A lot of people who bought home-exercise equipment last year switched to a different kind of consumer credit that allowed them to make the purchase on installment plans rather than with credit cards.

They made the transactions using a service called buy now, pay later, which is highly popular overseas and gaining traction in the U.S.

It is a way to make major purchases and pay it off in a set number of equal payments — such as four payments over six weeks. Some of the companies serving this market charge a fixed fee instead of interest. Some keep interest rates to a minimum. Some don't charge a fee whatsoever. An updated layaway plan.

Buy now, pay later companies have been around and gaining traction for some time, but hit triple-digit growth this holiday season, said Ted Rossman, an industry analyst at creditcards.com.

While there were some new services that debuted in 2020 — such as PayPal's Pay in 4 — most of the players have been around for a while. Even PayPal had a different buy now, pay later solution called PayPal Credit, which continues to exist.

The market leaders include Klarna, founded in 2005; Affirm, which was founded in 2012; and Afterpay, which came on the scene in 2014.

Buy now, pay later can be seen as a hybrid of debit meets credit.

Consumers can potentially get several weeks, months or even years with a 0% interest rate, which makes it the same as a debit card that gets paid over time.
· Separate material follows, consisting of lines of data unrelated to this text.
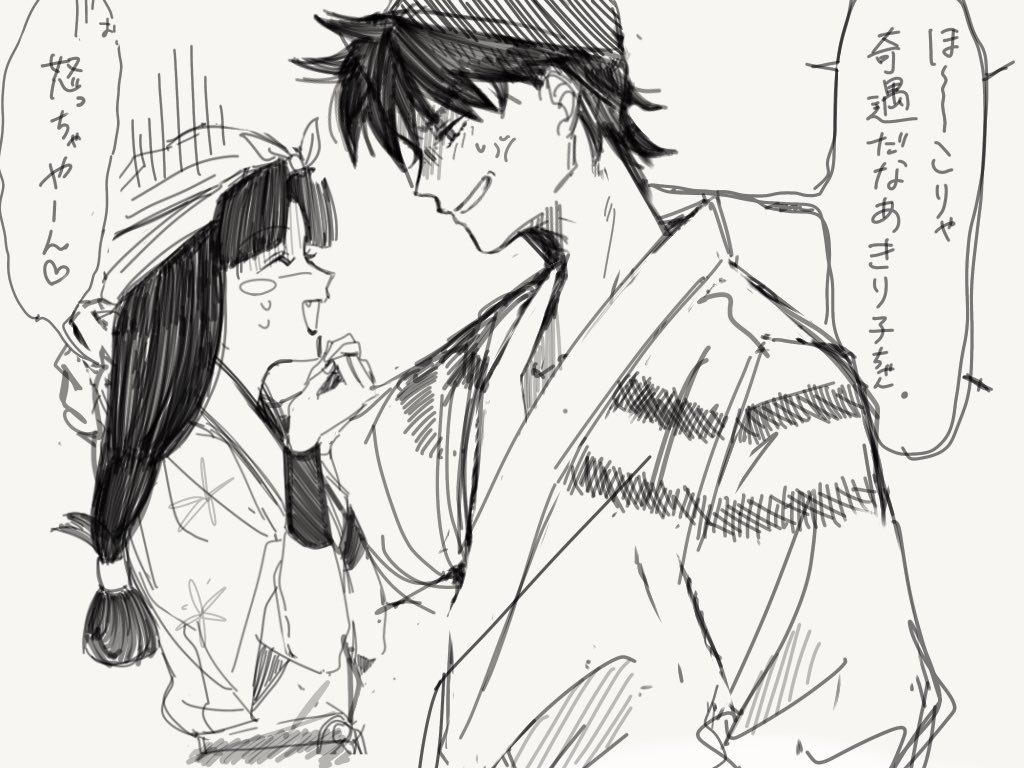 土井きり
※女装

女装禁止 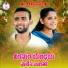 Uday Banoth feat. Roja Bai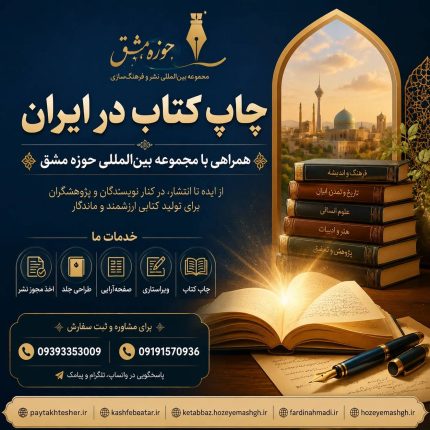 از رؤیای نویسندگی تا انتشار کتاب؛ چگونه «مجموعه بینالمللی حوزه مشق» مسیر چاپ کتاب را برای نویسندگان هموار کرده است؟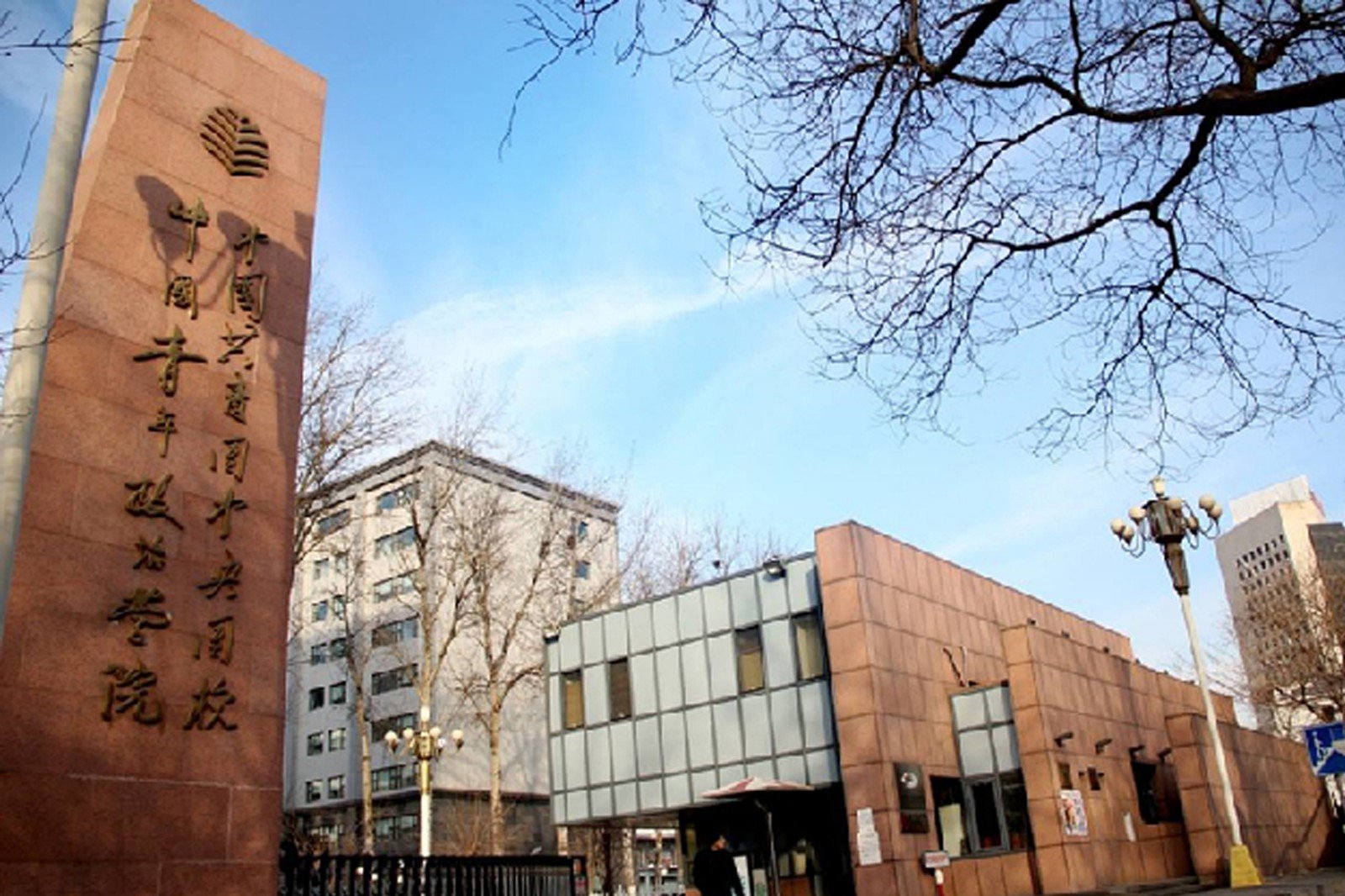 北京青年政治学院分数线是多少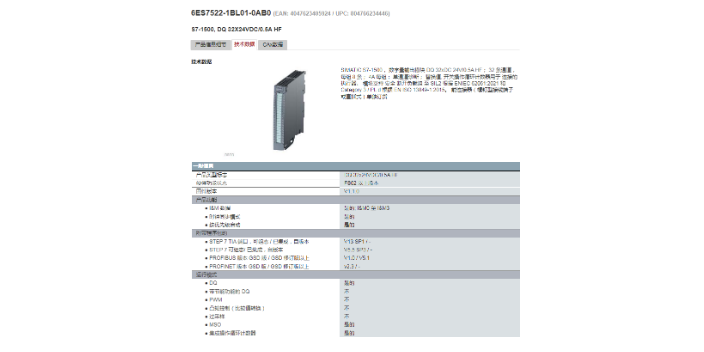 嘉定区模块数字输出模块6ES7322-1BH01-0AA0,数字输出模块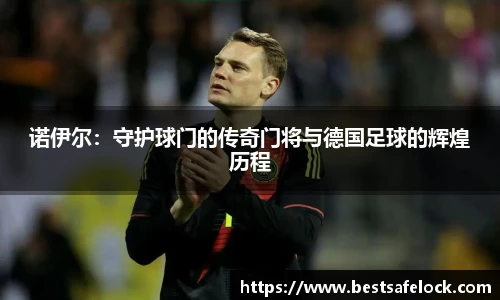 谈球吧官网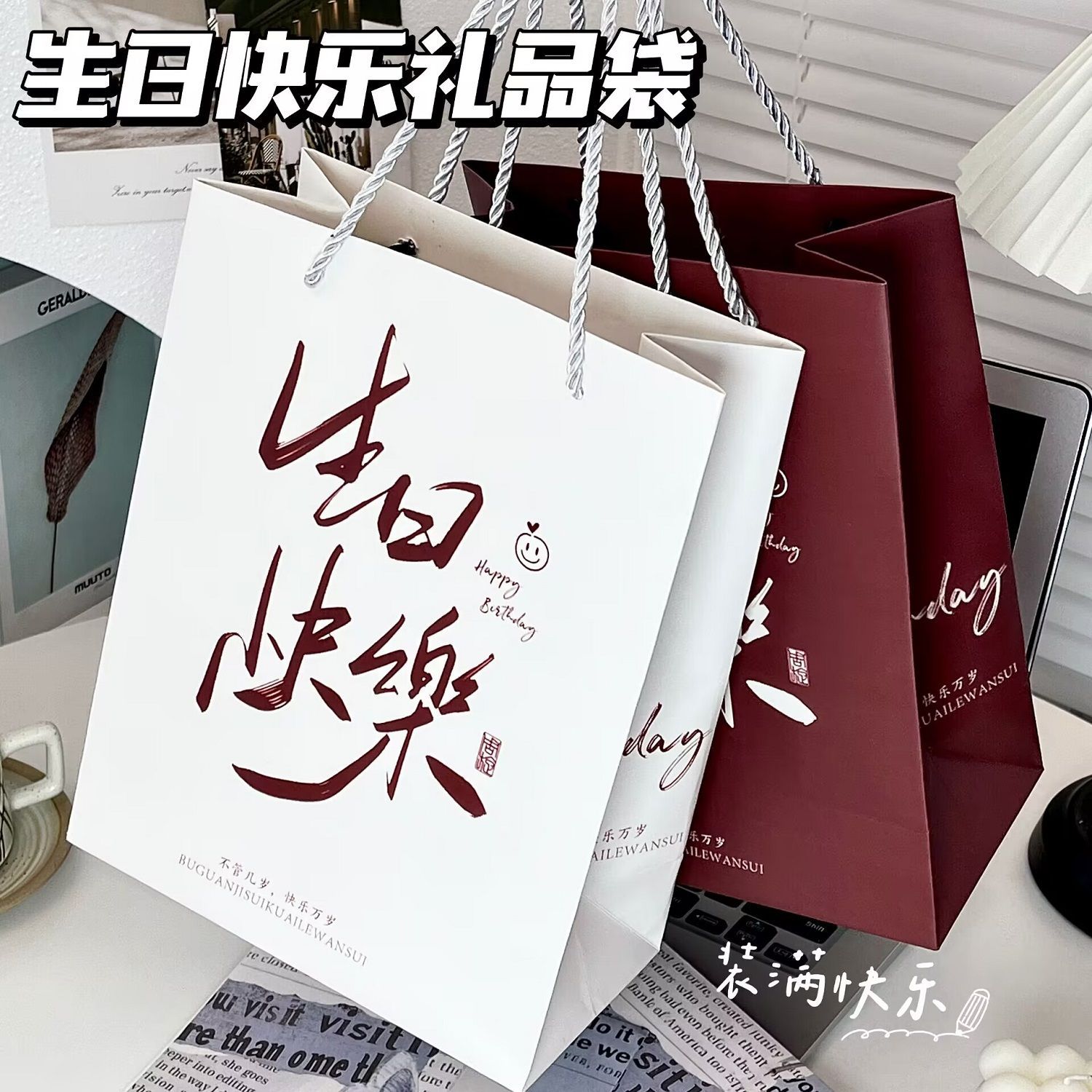 生日快乐礼物礼品袋高级简约手提袋ins风小众仪式感精美大号收纳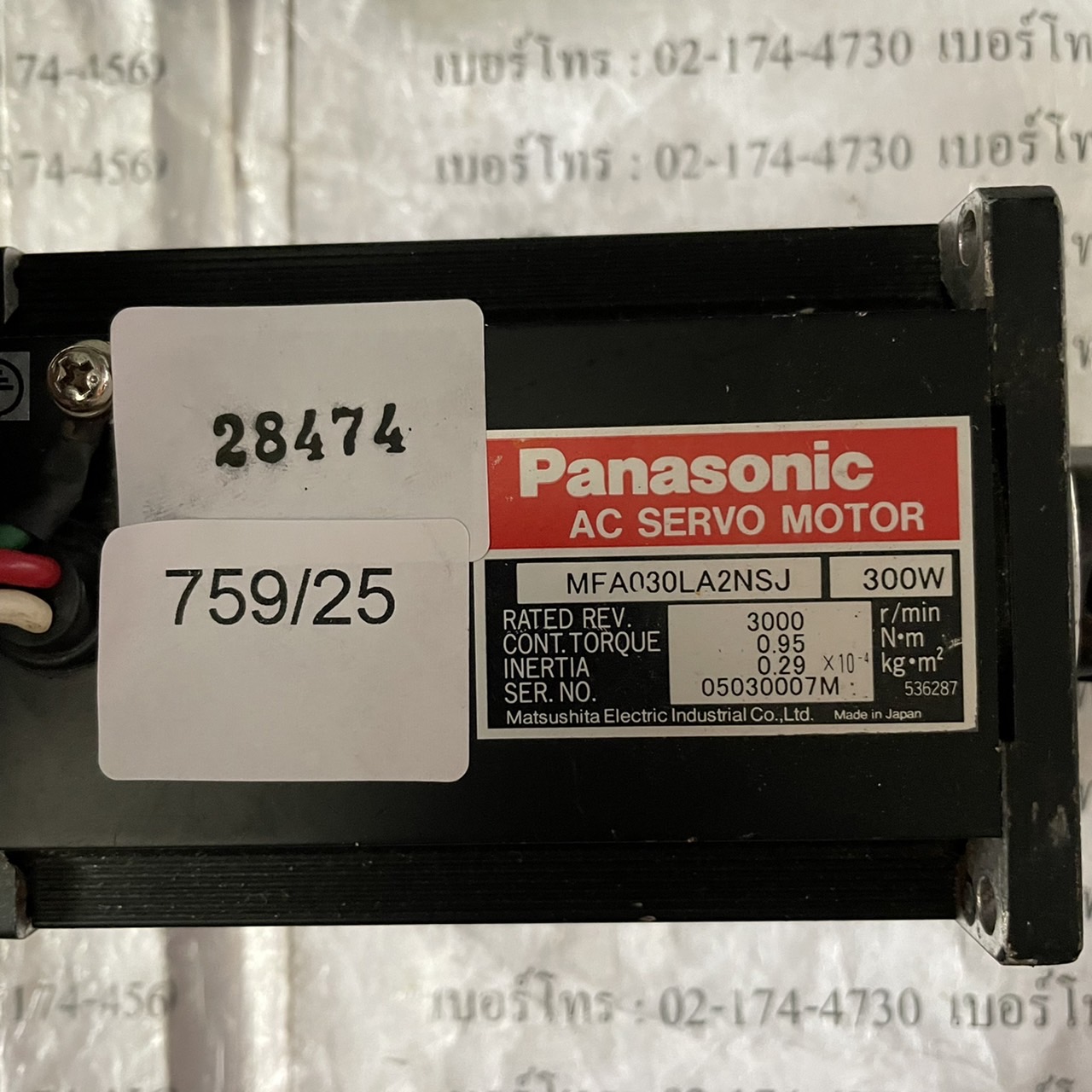 MFA030LA2NSJ SERVO MOTOR " PANASONIC "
The majority of people who bought items on an installment plan have access to credit cards. According to payment-processing company Cornerstone Advisors, 97% of buy now, pay later users have a credit card; and 7 in 10 of them earn more than $75,000.

But buy now, pay later feels more responsible to many people, Rossman said.

The terms can vary. Affirm will finance the purchase of Peloton equipment over 39 monthly payments. That can make the purchase of a $2,000 fitness bike much more affordable.

A financing company such as Affirm is able to make money by taking a cut of the sale from the merchant. Merchants are willing to pay Affirm to assume the credit risk and facilitate faster product sales.

Although credit cards are the main source of consumer credit purchases, the card industry is taking note of buy now, pay later as a competitive threat.

American Express launched Pay It Plan It in 2017 as its answer to buy now, pay later by letting card members designate certain purchases for installment plans at lower interest rates. More recently, Citi Flex Pay and My Chase Plan entered the scene.